**WHAT THE TASK ASKS**
Copy exactly the line containing "Opel Vivaro 27" and all the lines that follow it to the end of the records, minus the pictures.

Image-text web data
════════════════

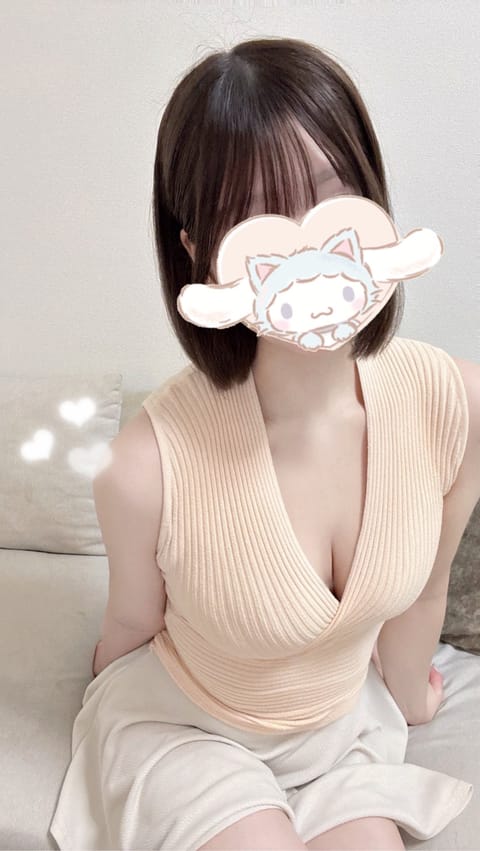 今日は新大阪ルームです🐰♡

11:00~17:00までいてるのでぜひぜひ遊びにきてくださいな˶˙ᵕ˙ )ﾉﾞ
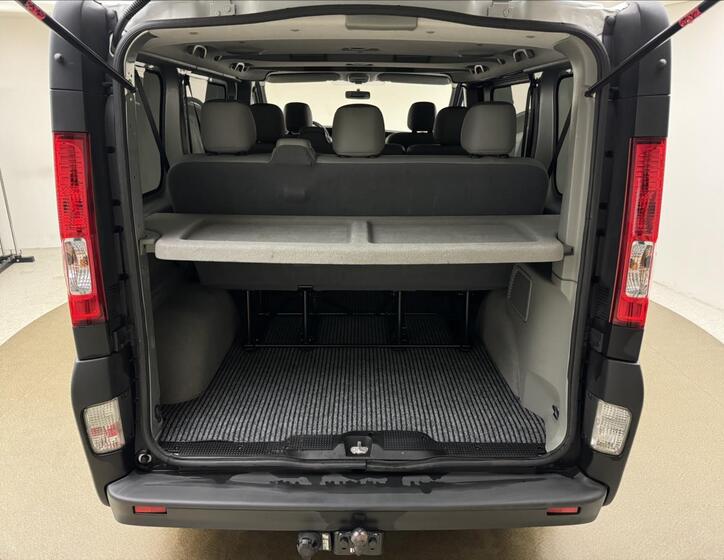 Opel Vivaro 27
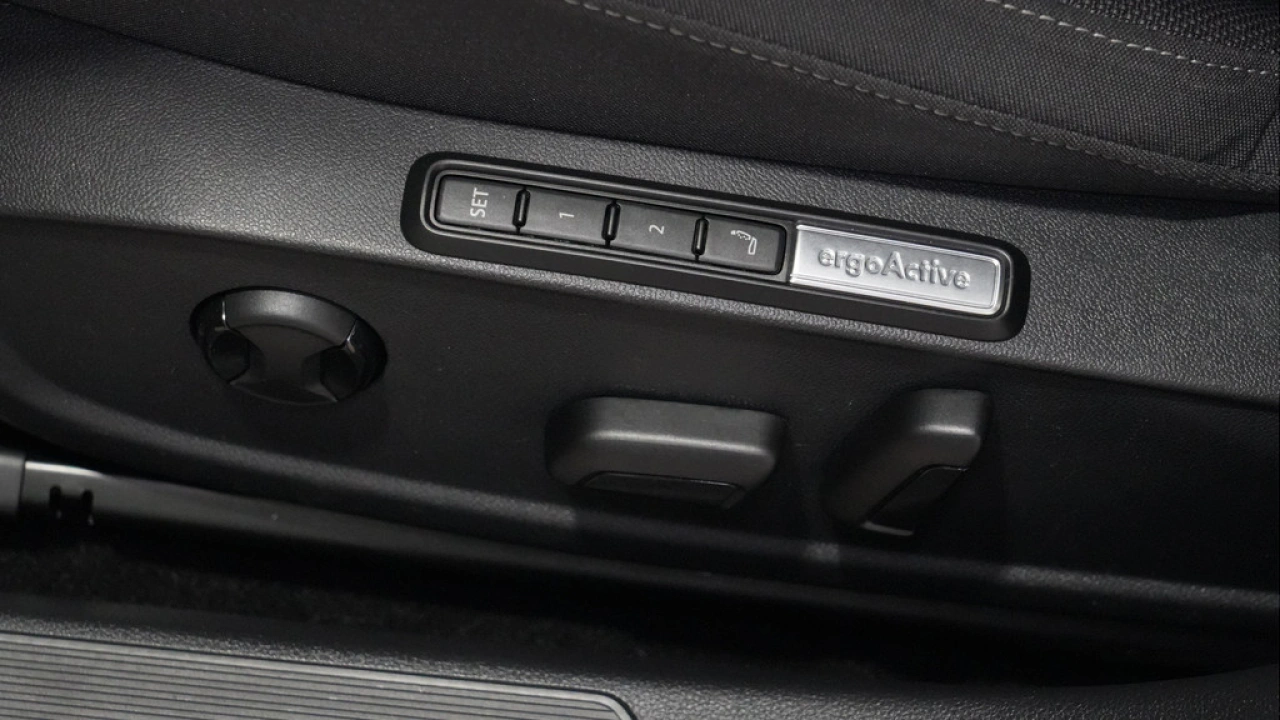 Volkswagen Golf 1.0 TSI 110pk Life Business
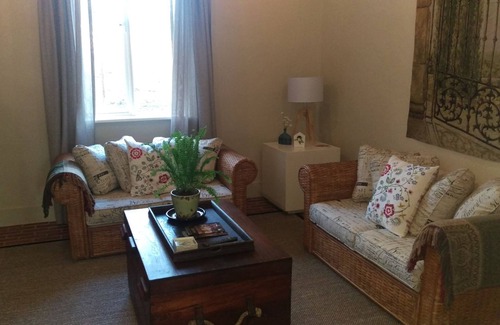 Lyndoch Maison | The Cottage at Riverside Farm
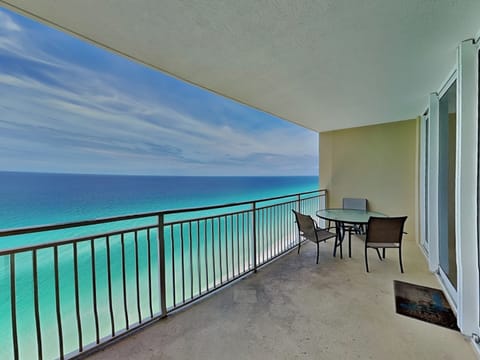 Welcome to Emerald Beach #2535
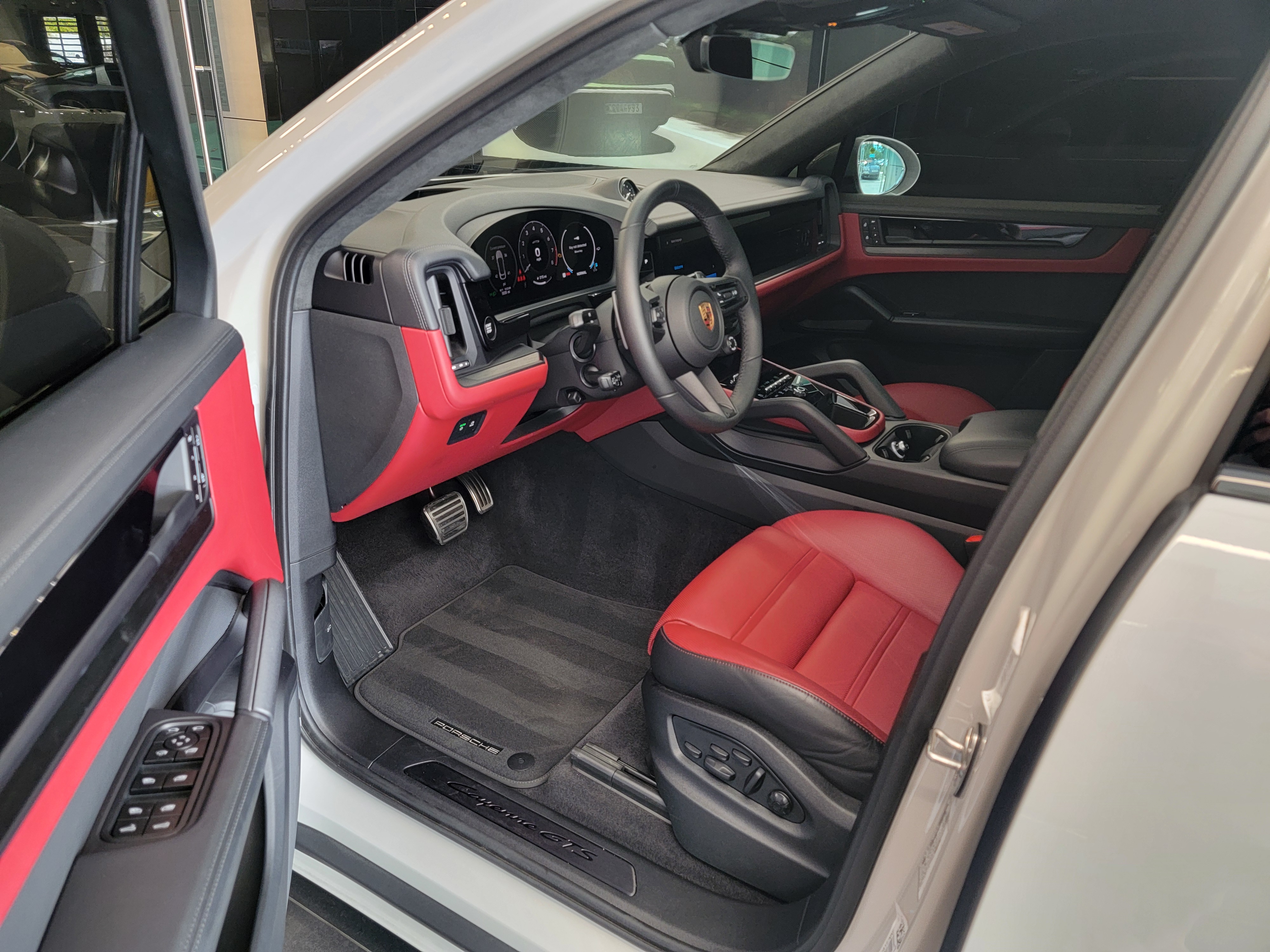 Used 2025 Porsche Cayenne GTS AWD/4WD image 5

════════════════

**WRITTEN SOLUTION**
 Opel Vivaro 27
 Volkswagen Golf 1.0 TSI 110pk Life Business
 Lyndoch Maison | The Cottage at Riverside Farm
 Welcome to Emerald Beach #2535
 Used 2025 Porsche Cayenne GTS AWD/4WD image 5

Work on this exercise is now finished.